Maschhoff Memo: An Ounce of Prevention is Worth a Pound of Cure

Set clear expectations for animal handling from day one and before the new-hire encounters animals. ( The Maschhoffs )

By Paul Ayers

Handling and movement of pigs is arguably one of the most common and important daily responsibilities that pork producers have. Improper animal handling can result in decreased animal well-being, reduced production performance, increased human safety risks and the potential loss of customer and consumer trust. 

To ensure pigs are handled properly each day, it is critical for producers to have effective training programs. Here are a few things to think when implementing a program within your operation.   
Who’s your handler?
The pork industry has changed dramatically over the last 50 years, and with it there have been several changes that impact how we train handlers today. The days of hiring employees that have prior swine production experience or livestock experience in general are long gone. Many new hires today have little to no experience with moving animals, resulting in a steep learning curve when it comes to moving their first sow or load of market hogs.  

For those with limited experience, handling a sow for the first time can be an intimidating task and it is important they are provided with quality training and coaching to build their confidence. Understanding the learning style of a new hire can ensure the training methods used match their preferred learning habits. While reading a printed Standard Operating Procedure may work well for some, others may learn best by online learning modules or hands-on instruction.  

Create a culture of safe animal handling 
Animal handling training should be fully integrated with new-hire onboarding programs. Set clear expectations for animal handling from day one and before the new-hire encounters animals. We utilize a combination of internally developed training resources and resources available from the National Pork Board such as the “Safe Pig Handling” learning modules, Pork Quality Assurance and Transport Quality Assurance. These trainings provide a solid framework of the “science” of animal handling before handlers begin hands-on training. 

To truly create a culture of safe animal handling, there must be a commitment from all employees and a culture where everyone is comfortable calling each other out for animal handling issues or opportunities. This can be done by creating a “nameless and rank-less” environment where all employees understand their responsibility to ensure safe animal handling. 

Inspect what you expect
To verify the outcomes of training programs, we utilize a variety of assessment and audit mechanisms such as in-person observations, quizzes or tests to validate handler competency, and remote video auditing (RVA).
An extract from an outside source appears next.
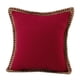 thumbnail image 5 of 45x45cm Throw Pillow Cover Funda De Almohada Para Home Office Car Red, 5 of 5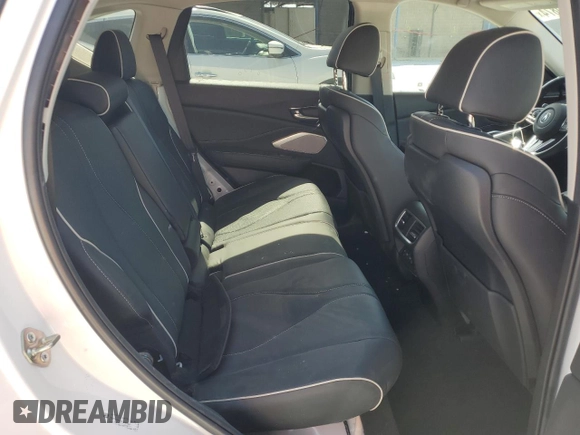 2020 Acura RDX w/Advance Pkg with VIN 5J8TC2H79LL018048, listed as a Copart auction lot 46690874 with 44,284 mi miles. Bid and sale history available at carsss.com. Image 10.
These audit tools serve as mechanisms for coaching and continuous improvement. 

As the old adage goes, “an ounce of prevention is worth a pound of cure,” and this is definitely the case when it comes to investing in animal handling training. Any investment in animal handling training will yield benefits beyond just improved animal well-being. Our farms that consistently execute animal handling standards also rank among the highest in production measures such as pigs per sow per year and transport loss, as well as human safety metrics. 

Paul Ayers is the animal care coordinator for The Maschhoffs. He is responsible for coordinating and administering all activities central the implementation of The Maschhoffs Animal Care Initiative. He received his bachelor’s degree in animal science from Michigan State University. He is active on the Illinois Pork Producers Association board of directors and the National Pork Board’s animal welfare committee among others.